Task directions: Leave the pictures out and reproduce all the entries word for word.
[[ Data provided open ]]
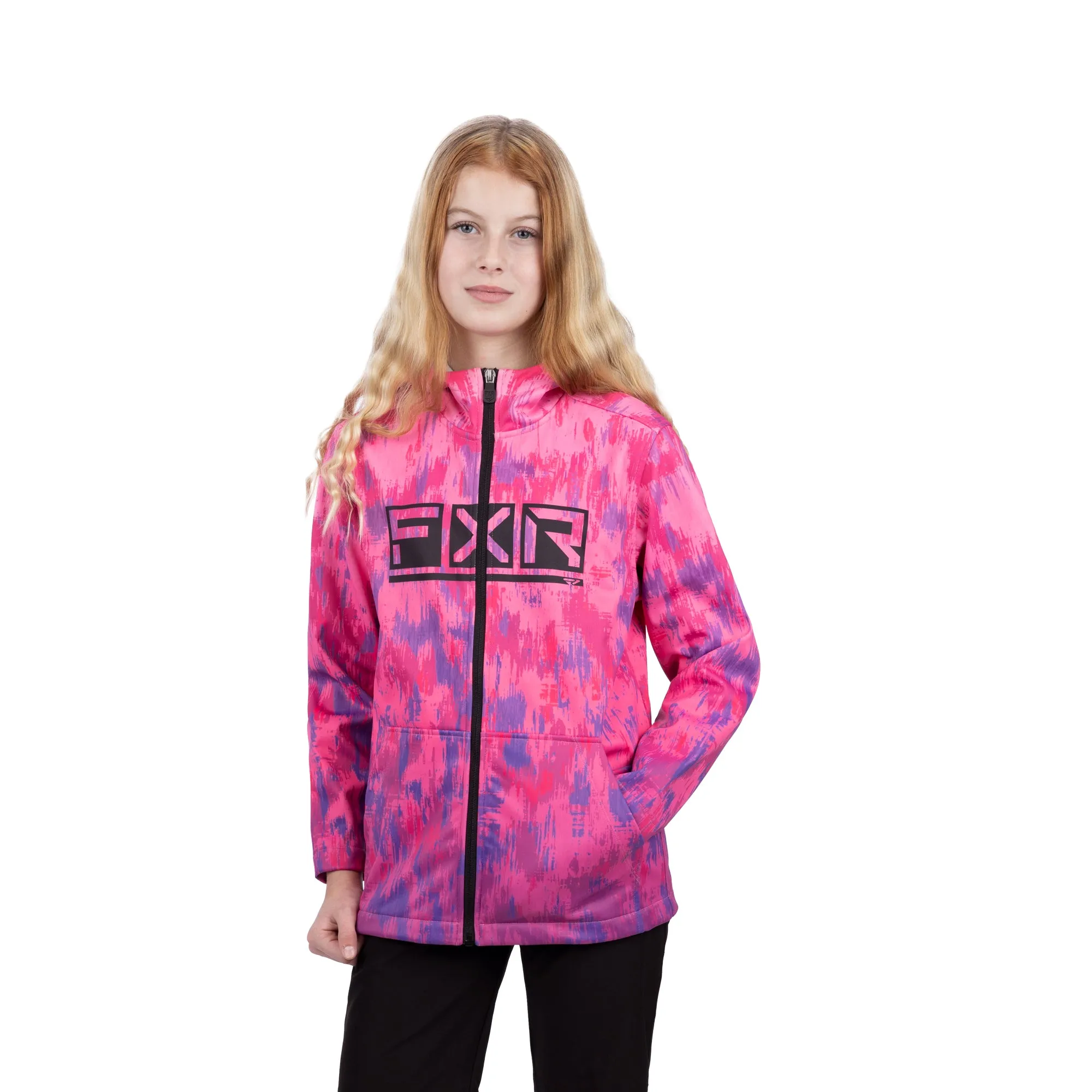 FXR Youth Hydrogen Softshell Jacket Pink-Purple Fiber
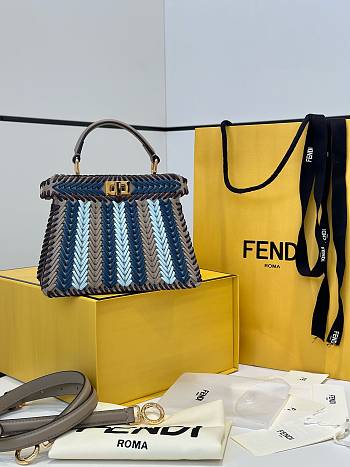 Fendi Peekaboo ISeeU Small Multicolour Interlaced Bag 27x21x11cm
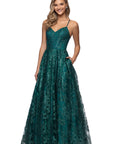 "Kelly" Long Glitter Sweetheart Neckline Gown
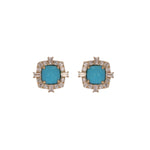 Load image into Gallery viewer, EFF54380TQ. 14K Solid Gold Diamonds and Turquoise Fancy Studs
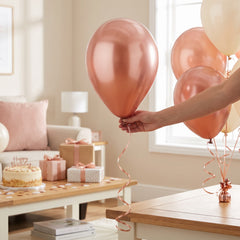 Satin Luxe Rose Gold Latex Balloons, 11-Inch, 6-Pack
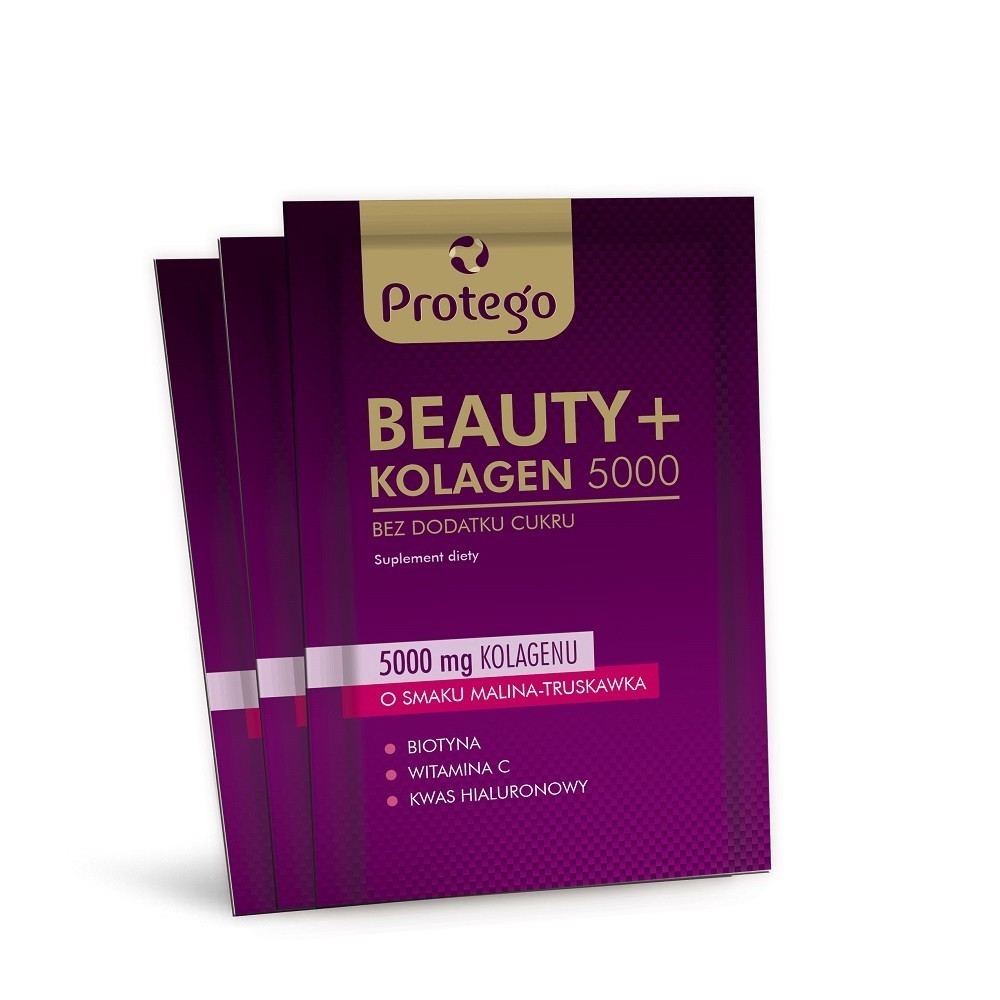 Protego BEAUTY+ kolagen 5000 smak malina - truskawka x 30 saszetek po 6,5 g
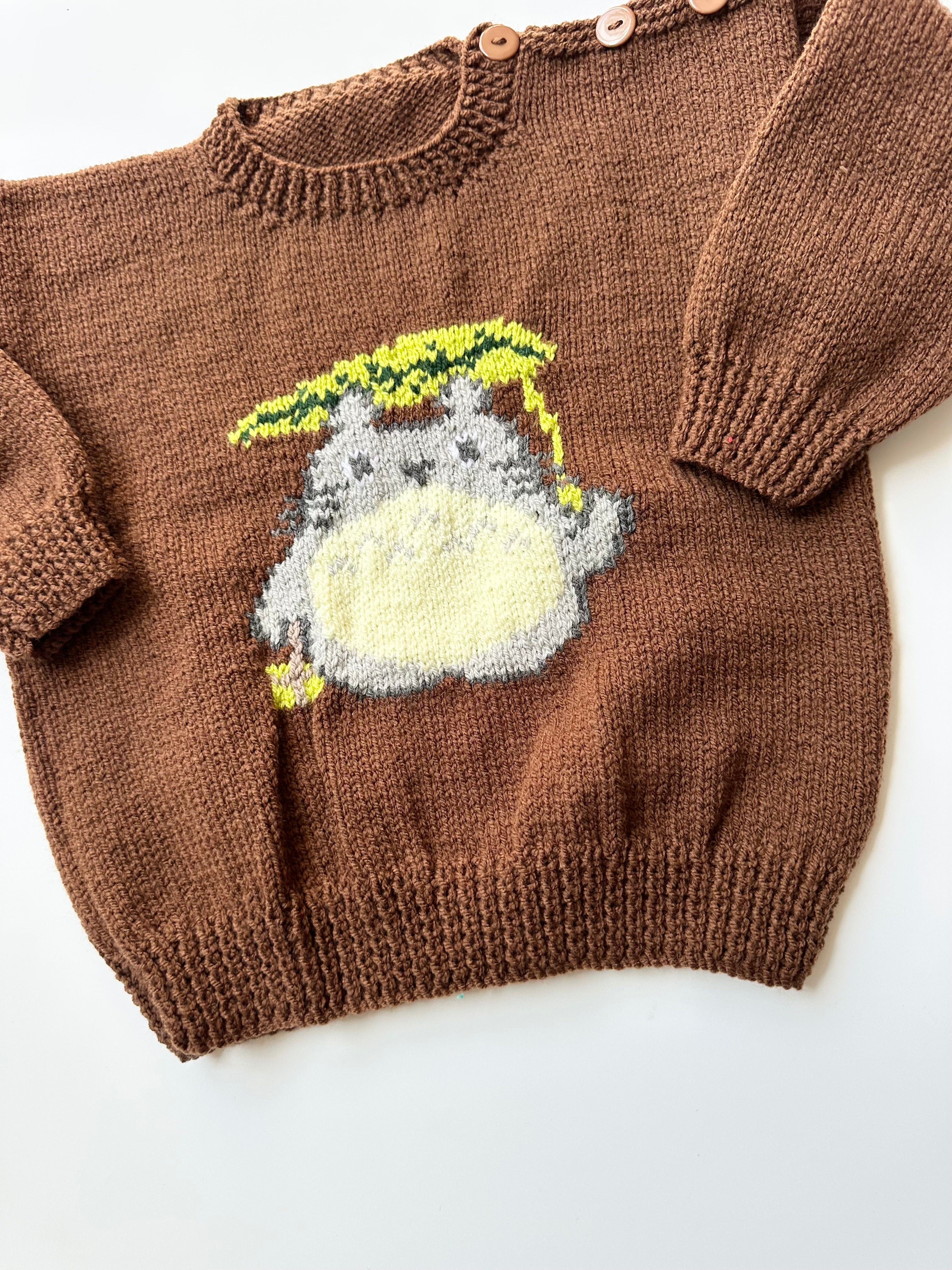 Hand Knitted Totoro Jumper Brown 3-4 Years
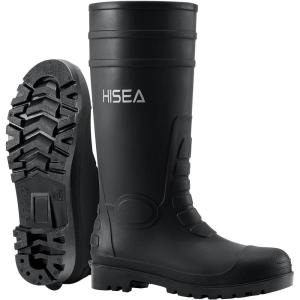 imageHISEA Mens Rain Boots with Steel Shank Waterproof Rubber Protective Footwear Seamless PVC Rainboots Outdoor Work Boots Durable Garden Fishing Tall Kneed Boot for Agriculture and Industrial WorkingBlack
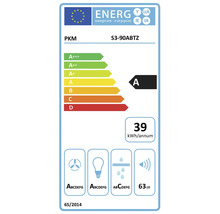 EU Energieeffizienzlabel fuer Dunstabzugshaube PKM S3-90ABTZ mit Energieeffizienzklasse A und 39 Kilowattstunden pro Jahr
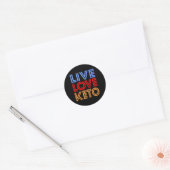 Sticker Rond Live Love Keto Funny Perdre du poids Motivation (Enveloppe)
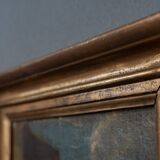 Oil on canvas 18th century scene of animals and shepherd gilded frame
[[ Data provided closed ]]
Solution for this task:
 FXR Youth Hydrogen Softshell Jacket Pink-Purple Fiber
 Fendi Peekaboo ISeeU Small Multicolour Interlaced Bag 27x21x11cm
 "Kelly" Long Glitter Sweetheart Neckline Gown
 Load image into Gallery viewer, EFF54380TQ. 14K Solid Gold Diamonds and Turquoise Fancy Studs
 Satin Luxe Rose Gold Latex Balloons, 11-Inch, 6-Pack
 Protego BEAUTY+ kolagen 5000 smak malina - truskawka x 30 saszetek po 6,5 g
 Hand Knitted Totoro Jumper Brown 3-4 Years
 imageHISEA Mens Rain Boots with Steel Shank Waterproof Rubber Protective Footwear Seamless PVC Rainboots Outdoor Work Boots Durable Garden Fishing Tall Kneed Boot for Agriculture and Industrial WorkingBlack
 EU Energieeffizienzlabel fuer Dunstabzugshaube PKM S3-90ABTZ mit Energieeffizienzklasse A und 39 Kilowattstunden pro Jahr
 Sticker Rond Live Love Keto Funny Perdre du poids Motivation (Enveloppe)
 Oil on canvas 18th century scene of animals and shepherd gilded frame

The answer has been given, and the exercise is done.